Where does our mind go, when we fall asleep? Can dreams weave a layer of parallel existence? Can there be another reality beyond all that we touch, see or feel? It is a normal day for Manisha. She wakes up from sleep and goes to work. On her way back home, she walks into a coffee shop. The cafe is empty but for an old man behind the counter and another man at a corner table. Later in the night, this man comes back to her in her sleep and then, every night thereafter. A new journey begins and a transcendence. A story weaves itself around a life unfulfilled and a destiny, beautiful and fated.
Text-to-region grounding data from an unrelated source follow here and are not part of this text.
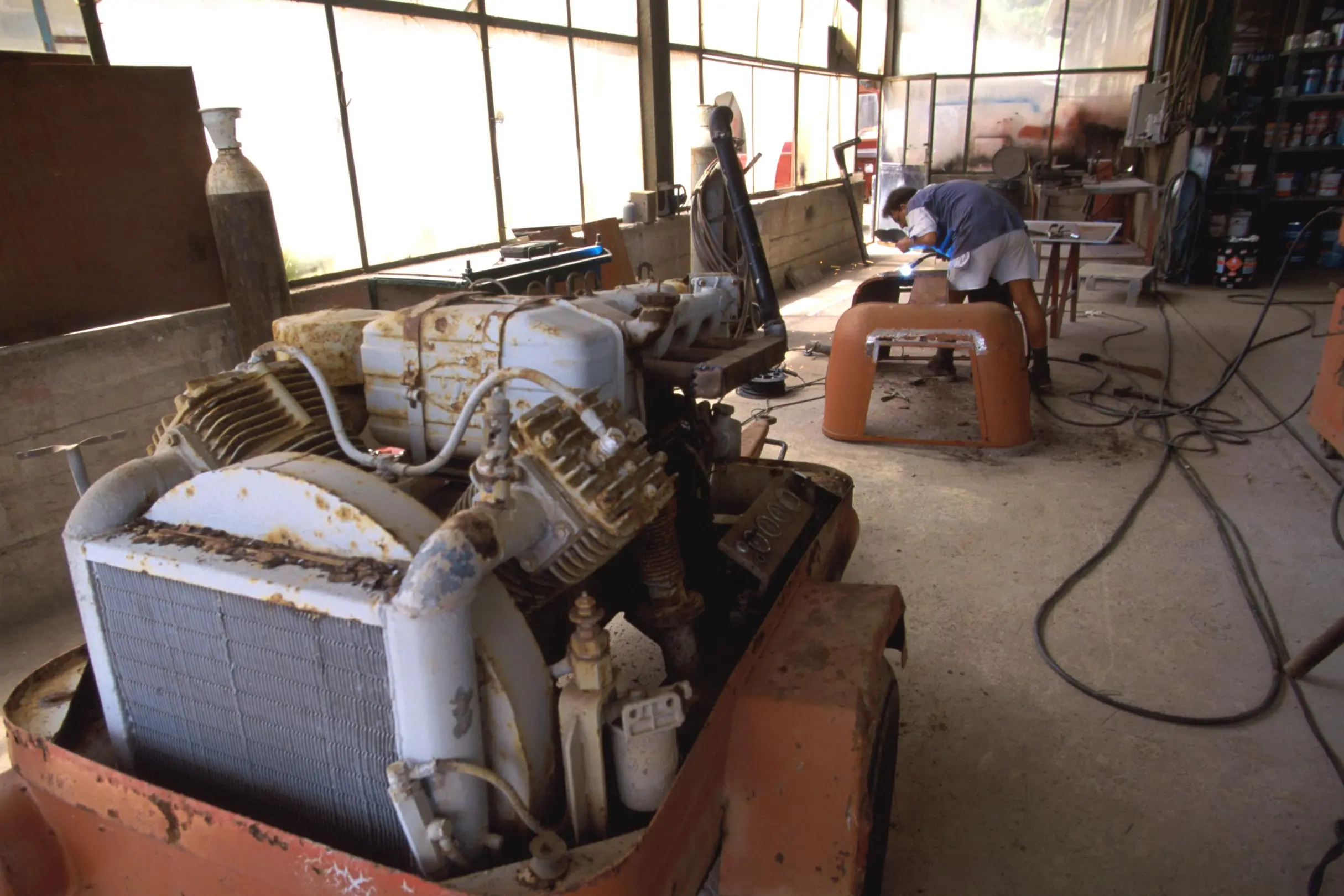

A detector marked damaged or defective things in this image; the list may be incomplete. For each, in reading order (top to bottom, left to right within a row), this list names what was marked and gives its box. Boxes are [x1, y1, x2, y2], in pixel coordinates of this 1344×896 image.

rusty engine [58, 278, 858, 881]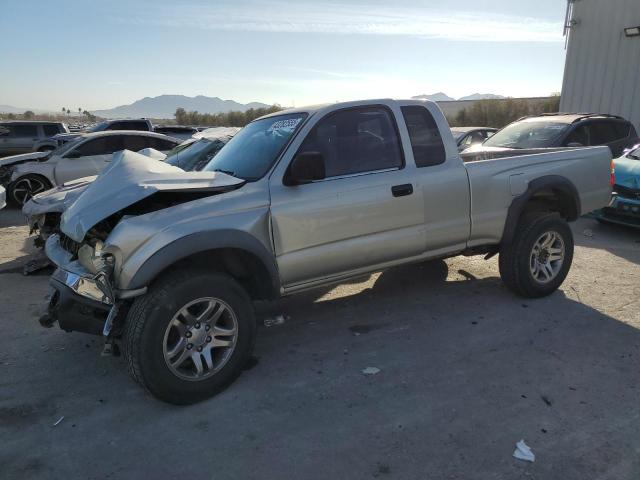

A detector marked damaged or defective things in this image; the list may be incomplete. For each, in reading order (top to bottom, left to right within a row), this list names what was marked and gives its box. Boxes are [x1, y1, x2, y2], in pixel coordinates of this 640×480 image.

crumpled front hood [0, 151, 50, 168]
crumpled front hood [612, 156, 636, 189]
crumpled front hood [22, 176, 96, 216]
crumpled front hood [61, 149, 245, 242]
damaged front bumper [42, 234, 145, 336]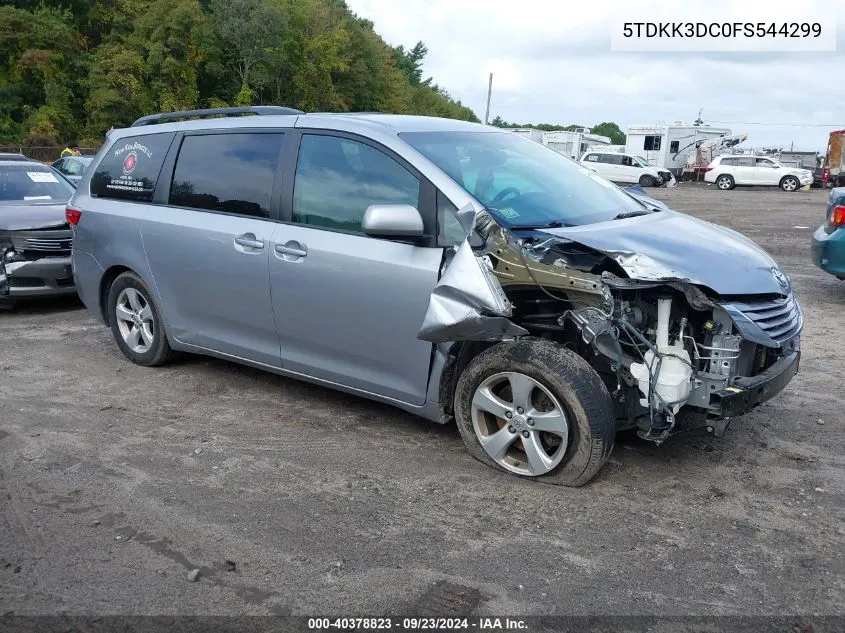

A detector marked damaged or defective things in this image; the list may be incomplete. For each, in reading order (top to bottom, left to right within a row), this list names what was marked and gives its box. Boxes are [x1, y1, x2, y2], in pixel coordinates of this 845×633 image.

cracked hood [0, 201, 68, 231]
damaged silver minivan [69, 107, 800, 484]
cracked hood [540, 209, 784, 296]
But… where does this journey lead her to? Will Manisha be able to find her way through these parallel worlds? The novel Elixir, published by Readomania, is a must read by Sinjini Sengupta. Here’s an extract, exclusively for Different Truths.
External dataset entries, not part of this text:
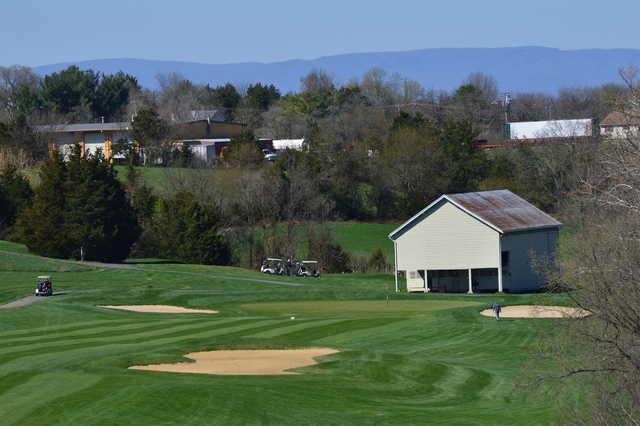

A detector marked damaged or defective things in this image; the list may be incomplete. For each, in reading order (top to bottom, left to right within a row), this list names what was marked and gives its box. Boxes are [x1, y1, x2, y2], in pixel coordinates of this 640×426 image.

rusty roof panel [448, 190, 564, 233]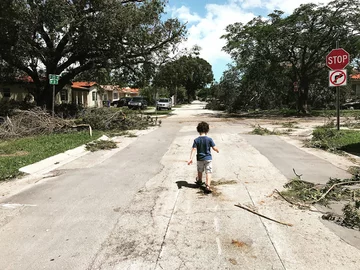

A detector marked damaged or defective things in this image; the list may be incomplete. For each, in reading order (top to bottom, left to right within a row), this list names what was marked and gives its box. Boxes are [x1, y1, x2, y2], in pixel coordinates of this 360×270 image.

broken limb [235, 204, 294, 227]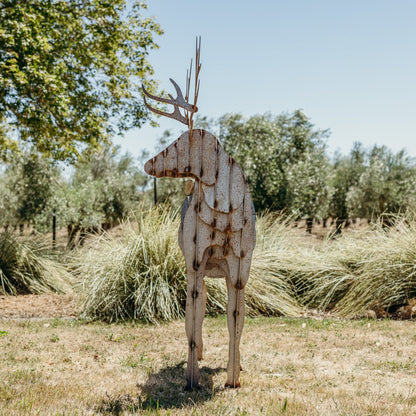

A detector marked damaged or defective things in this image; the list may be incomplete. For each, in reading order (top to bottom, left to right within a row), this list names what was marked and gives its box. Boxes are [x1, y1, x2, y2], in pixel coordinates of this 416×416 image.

rusted metal surface [141, 39, 255, 390]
When rain hits the earth, it brings a few pieces of the sky down with itself…have you ever seen? The pictures shift as you do…the tall towers, the TV antennae, the row of pigeons on electric wires…and far beyond, if you look, the endless blue of the horizon. These solitary reflections, they last throughout the dark nights….
And then?
Then, on the morrow when the Sun comes calling, they go back. To make the sky one whole again. But wait. Can the sky ever be whole, with such void all over itself?
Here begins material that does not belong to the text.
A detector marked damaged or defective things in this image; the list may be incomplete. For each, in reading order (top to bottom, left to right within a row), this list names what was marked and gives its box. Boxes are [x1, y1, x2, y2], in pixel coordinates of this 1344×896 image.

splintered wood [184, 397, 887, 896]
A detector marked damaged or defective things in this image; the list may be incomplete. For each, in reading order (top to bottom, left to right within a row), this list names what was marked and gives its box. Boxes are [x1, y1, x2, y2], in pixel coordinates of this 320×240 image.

Manisha believed in these pictures as a child. When other children huddled together to sail paper boats, she’d step aside, stand apart at a distance. Her pictures, they were more precious! She saved her share of the puddle; she wouldn’t trade it for the sea.
And anyway, she never had much anywhere to go! Her boats were always frail, as much as she ever tried. They just formed ripples and broke the pictures into pieces, and then they drowned themselves in it. Come next morning, cars would run them over; then, you couldn’t even tell them from the mud. It was risky out in the sea, she was sure, she had grown to believe. She loved the confines of the known, instead. The still frames of water held far more promises than the doomed destiny of wet paper mounds. The secrecy, the treasure hunt at the rainbow’s end. The pictures on the water, of the sky…they felt like letters from above, to her. Letters, from someone who loved her silly, perhaps, even as a star.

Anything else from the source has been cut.